Every entry below should come back unchanged, except that the pictures are dropped.

» **Material shown**
# # #
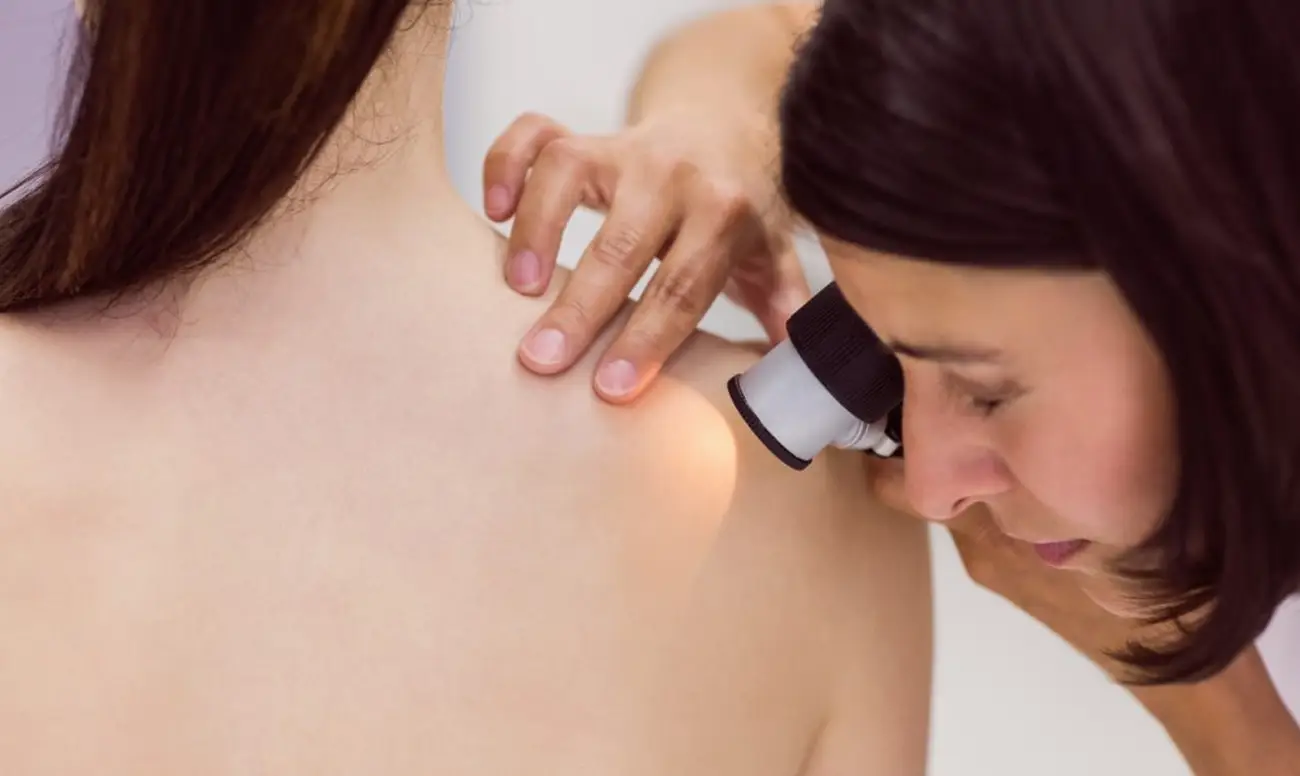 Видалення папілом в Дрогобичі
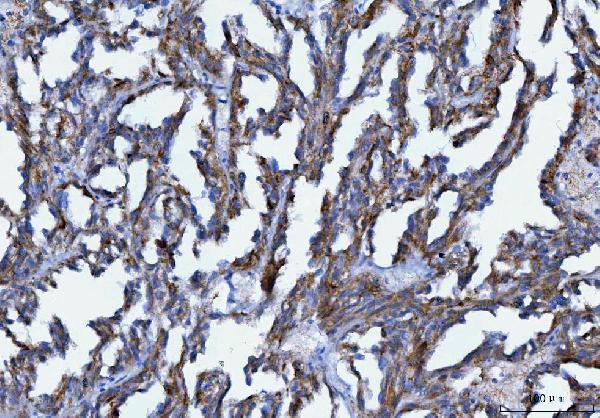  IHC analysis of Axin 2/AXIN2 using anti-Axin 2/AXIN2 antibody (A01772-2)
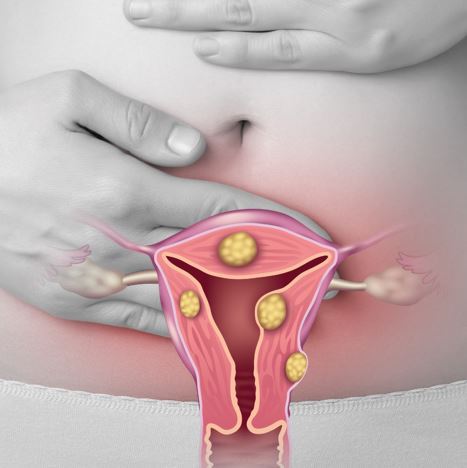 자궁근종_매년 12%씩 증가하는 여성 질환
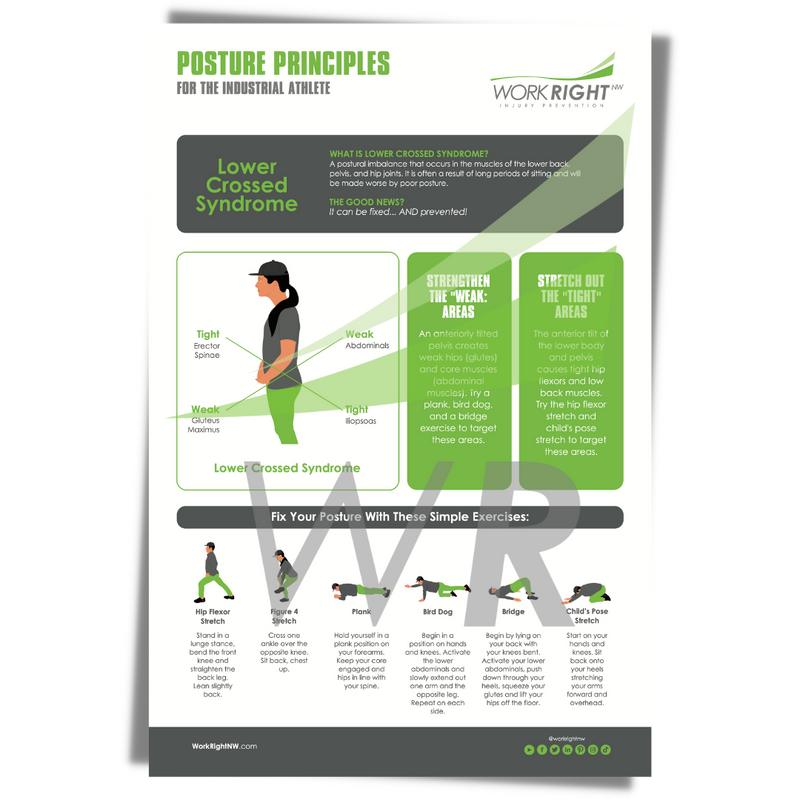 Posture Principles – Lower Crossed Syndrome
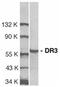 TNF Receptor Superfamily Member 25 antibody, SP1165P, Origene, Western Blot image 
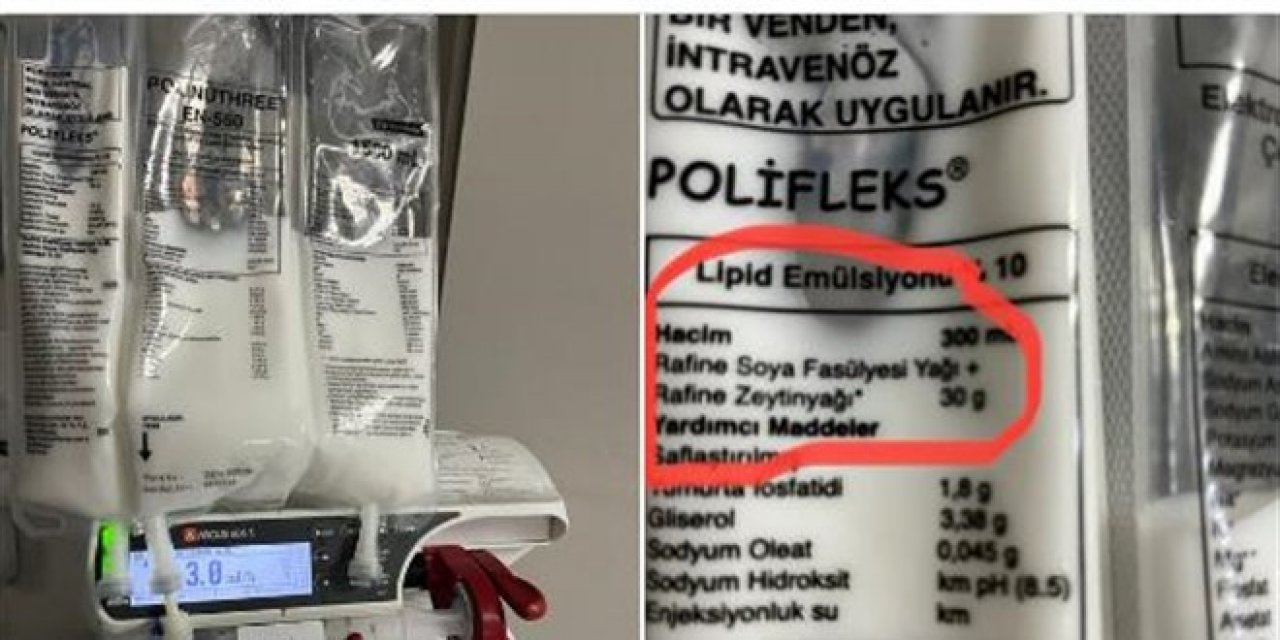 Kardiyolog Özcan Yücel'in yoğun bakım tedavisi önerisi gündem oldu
# # #
» **Finished task**
 Видалення папілом в Дрогобичі
  IHC analysis of Axin 2/AXIN2 using anti-Axin 2/AXIN2 antibody (A01772-2)
 자궁근종_매년 12%씩 증가하는 여성 질환
 Posture Principles – Lower Crossed Syndrome
 TNF Receptor Superfamily Member 25 antibody, SP1165P, Origene, Western Blot image 
 Kardiyolog Özcan Yücel'in yoğun bakım tedavisi önerisi gündem oldu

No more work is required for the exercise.